[Date Prev][Date Next][Thread Prev][Thread Next][Date Index][Thread Index]
Re: tokenize honoring quotes
From: |
Greg Wooledge |
Subject: |
Re: tokenize honoring quotes |
Date: |
Fri, 5 Aug 2022 16:01:56 -0400 |
On Fri, Aug 05, 2022 at 02:32:38PM -0400, Chet Ramey wrote:
> On 8/5/22 1:43 PM, Robert E. Griffith wrote:
> > Is there an efficient native bash way to tokenize a string into an array
> > honoring potentially nested double and single quotes?
> >
> > For example...
> >
> > $ str='echo "hello world"'
>
> Some variant of this:
>
> str='echo "hello world"'
>
> declare -a a
> eval a=\( "$str" \)
>
> declare -p a
The biggest problem here is that there's no way to prevent command
substitutions and other code injections from occurring, when all you
actually wanted is the word splitting/parsing.

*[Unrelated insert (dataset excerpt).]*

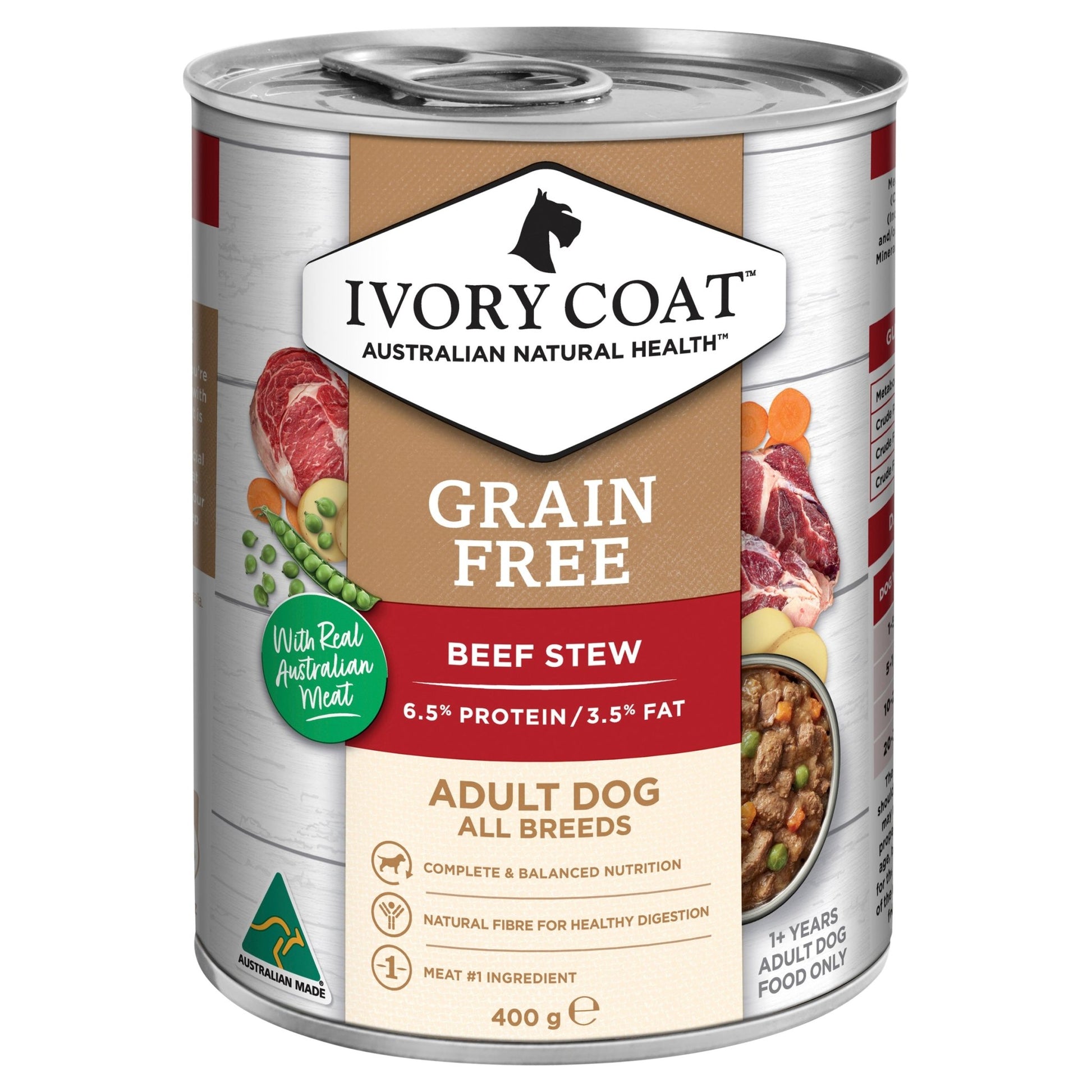 Ivory Coat Grain Free Wet Dog Food Beef Stew 12x400g - Woonona Petfood & Produce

unicorn:~$ str='"hello world" "$(date 1>&2)"'
unicorn:~$ declare -a a
unicorn:~$ eval a=\( "$str" \)
Fri Aug 5 15:44:11 EDT 2022
Simply disallowing $() and backticks isn't sufficient either, as there
are code injections hiding all over.
unicorn:~$ x='y[$(date 1>&2)0]'
unicorn:~$ str='"hello world" ${a[x]}'
unicorn:~$ declare -a a
unicorn:~$ eval a=\( "$str" \)
Fri Aug 5 15:46:26 EDT 2022
The second biggest problem is unwanted globbing. One might argue that
one can disable this with set -f before, and set +f after. (Or variants
involving a lambda function and "local -".) Nevertheless, it's a concern
that must be addressed.
unicorn:~$ str='"hello world" *.txt'
unicorn:~$ declare -a a
unicorn:~$ eval a=\( "$str" \)
unicorn:~$ declare -p a
declare -a a=([0]="hello world" [1]="37a.txt" [2]="68x68.txt"
[3]="Application.txt" [4]="bldg.txt" [5]="burger15.txt" [...]
The only way to safeguard against code injections is to write an actual
parser, and not rely on shell tricks like eval, tempting as they may be.
Here's an extremely simplistic one, that only handles properly balanced
double quotes, without any kind of nesting. Quotes, if present, must be
totally around the word they enclose, not partially embedded inside a
word. It also only handles spaces, not tabs or other arbitrary
whitespace, but it could easily be extended for that if desired.
#!/bin/bash
shopt -s extglob
str=' one two "hello world" three "four"'
a=()
str=${str##+( )}
while [[ $str = *\ * || $str = \"* ]]; do
if [[ $str = \"* ]]; then
word=${str:1}
word=${word%%\"*}
a+=("$word")
str=${str#\"*\"}
else
word=${str%% *}
a+=("$word")
str=${str#* }
fi
str=${str##+( )}
done
if [[ $str ]]; then a+=("$str"); fi
declare -p a